Exercise prompt>
For the entries that follow, restate word for word the line containing "Traditional Japanese Round", the line containing "Watch strap genuine leather yellow 30mm", and every line that lies between them.

The input>
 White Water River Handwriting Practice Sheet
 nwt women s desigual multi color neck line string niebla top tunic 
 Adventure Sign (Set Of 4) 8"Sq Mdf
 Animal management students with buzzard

* * *

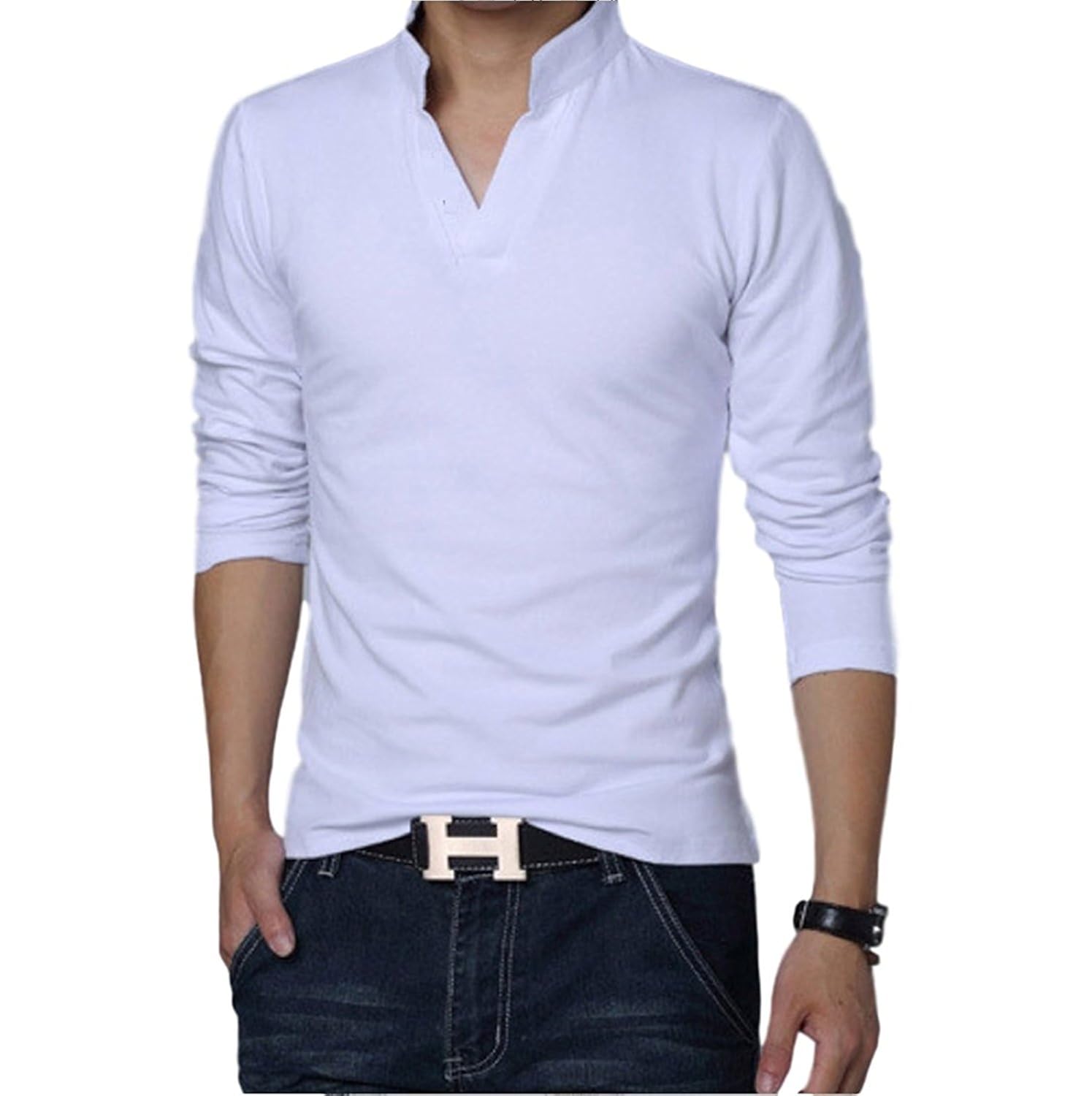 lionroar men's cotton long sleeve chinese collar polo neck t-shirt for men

==

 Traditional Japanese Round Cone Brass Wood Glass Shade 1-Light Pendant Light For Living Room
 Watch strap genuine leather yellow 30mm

Result of this task>
 Traditional Japanese Round Cone Brass Wood Glass Shade 1-Light Pendant Light For Living Room
 Watch strap genuine leather yellow 30mm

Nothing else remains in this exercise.